Single Point of Failure(SPOF)とは、システム停止につながる部位を指す言葉であると第1回で解説しました。クラスタシステムではサーバの多重化を実現し、システムのSPOFを排除することができますが、共有ディスクなど、サーバ間で共有する部分についてはSPOFとなり得ます。この共有部分を多重化もしくは排除するようシステム設計することが、高可用性システム構築の重要なポイントとなります。

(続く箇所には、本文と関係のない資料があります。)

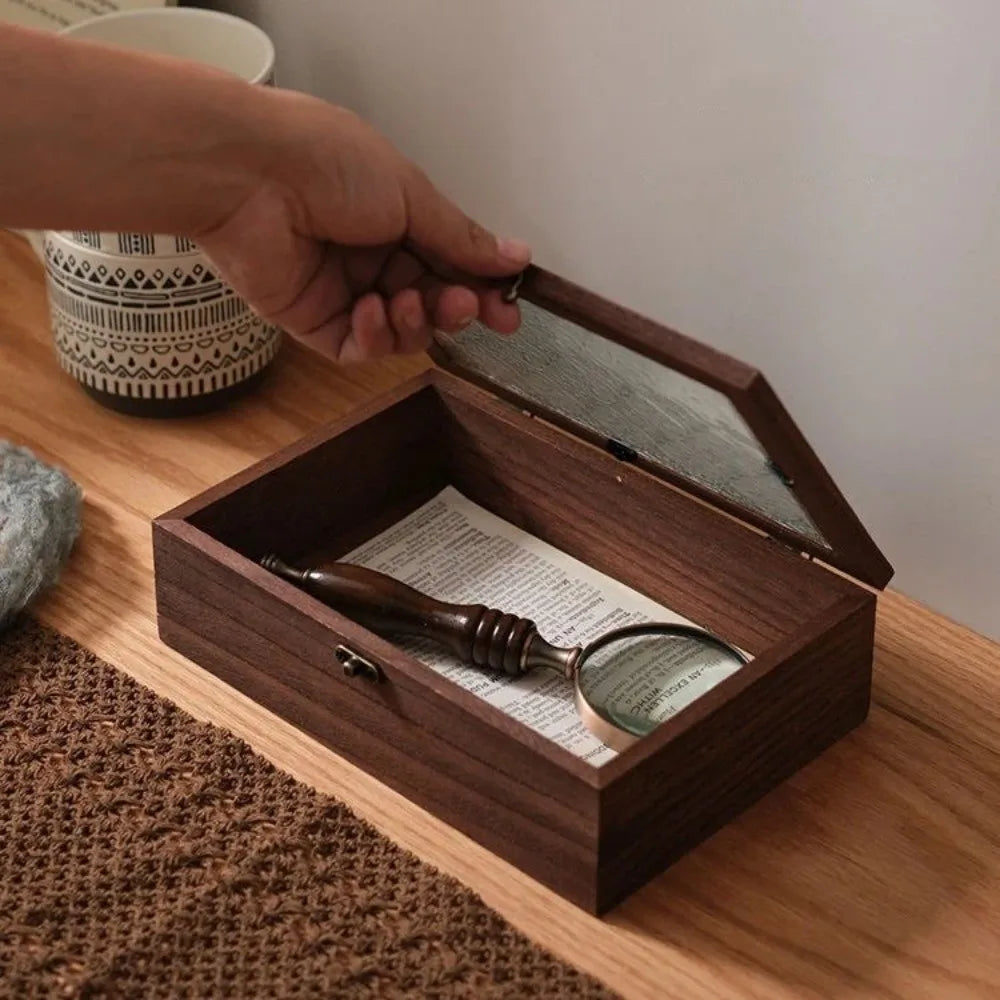 Retro Wooden Flip Cover Desktop Jewelry & Storage Box Wooden Storage Box Richie's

クラスタシステムは可用性を向上させますが、前回書いたとおり、フェイルオーバーには数分程度のシステム切り替え時間が必要となります。従って、フェイルオーバー時間は可用性の低下要因の1つともいえます。このため、高可用性システムでは、まず単体サーバの可用性を高めるECCメモリや冗長電源などの技術が本来重要なのですが、ここでは単体サーバの可用性向上技術には触れず、クラスタシステムにおいてSPOFとなりがちな下記の3つについて掘り下げて、どのような対策があるか見ていきたいと思います。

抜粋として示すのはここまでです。